The Australian Solar Council picked out three key proposals:

  • Introducing a Clean Energy Target (CET) to replace the Renewable Energy Target (RET) after 2020
  • Implementing Energy Security Obligations for new large-scale renewable energy projects
  • Mandating three-year advance notice for closure of coal-fired power stations

The CET mechanism would provide incentives to encourage new generators into the market to ensure electricity demand is met. Although Finkel said the focus is on incentivising low emissions generation, the policy would not include penalising high emissions technology.

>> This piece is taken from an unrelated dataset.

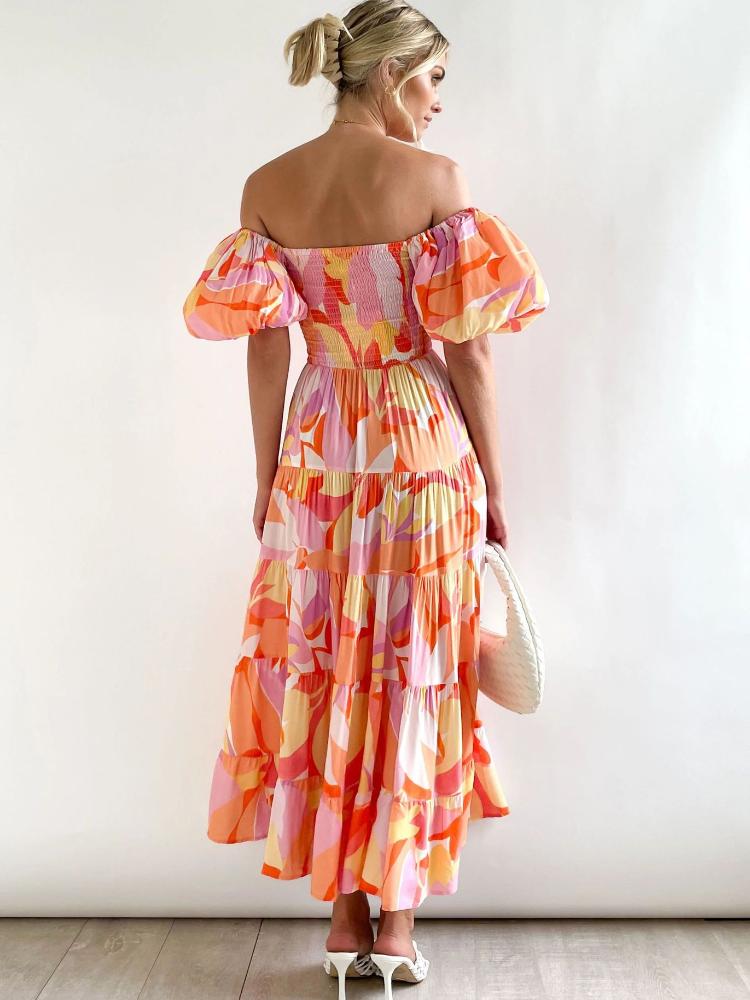 Oriana Luxe Printed Off the Shoulder Tiered Maxi Dress with Puff Sleeves Designer Edit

Moreover, as long as it fits with as the emissions reduction trajectory, even coal-fired generation would be incentivised if mixed with wind and solar.

This caveat led to campaign group Solar Citizens branding the review the “Finkel Flop”, claiming that the recommendations are bad news for wind and solar.

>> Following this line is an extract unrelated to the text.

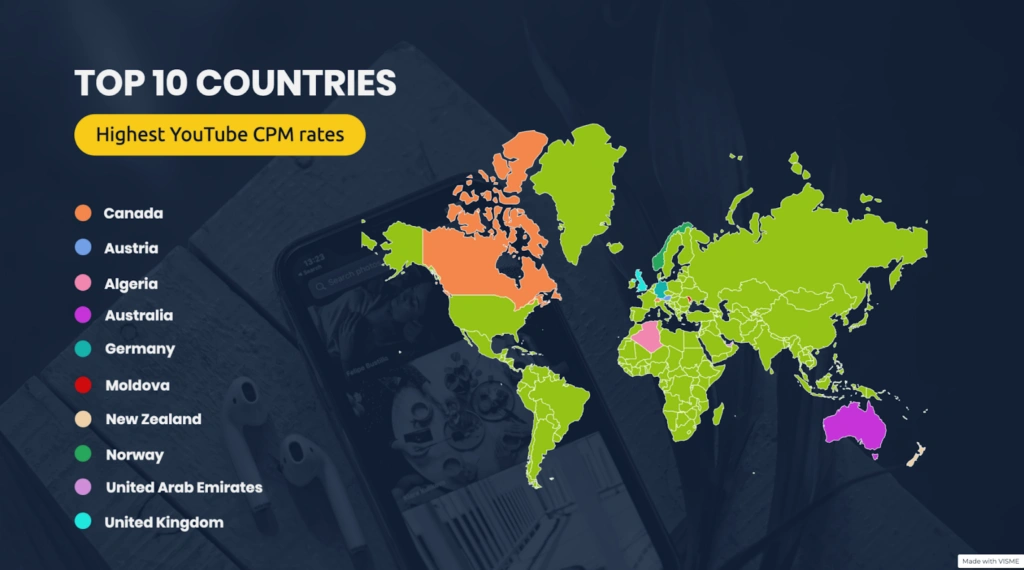 Map showing the top 10 countries with the highest YouTube CPM rates, color-coded by country.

On the other hand Clean Energy Council chief executive Kane Thornton was more positive, stating: “Dr Finkel’s proposal for a Clean Energy Target could provide much needed long-term confidence to investors in new clean energy projects, bringing on new power supply that can lower power prices and ensure energy security as old coal-fired power stations continue to close.”

Indeed, Finkel noted several times the stress that the National Electricity Market (NEM) is under. He cited increased penetration of variable sources of energy (wind and solar) as a major issue for the grid, while also highlighting the troubles caused by the sudden closure of the giant Hazelwood coal plant earlier this year.

In fact, it was the Hazelwood closure that prompted one of Finkel’s key proposals – a requirement for all large generators to provide at least three years’ notice prior to closure.

Security obligation

Another proposals likely to be financially burdensome to solar and energy storage developers was the introduction of Energy Security Obligations for new large-scale renewable energy projects.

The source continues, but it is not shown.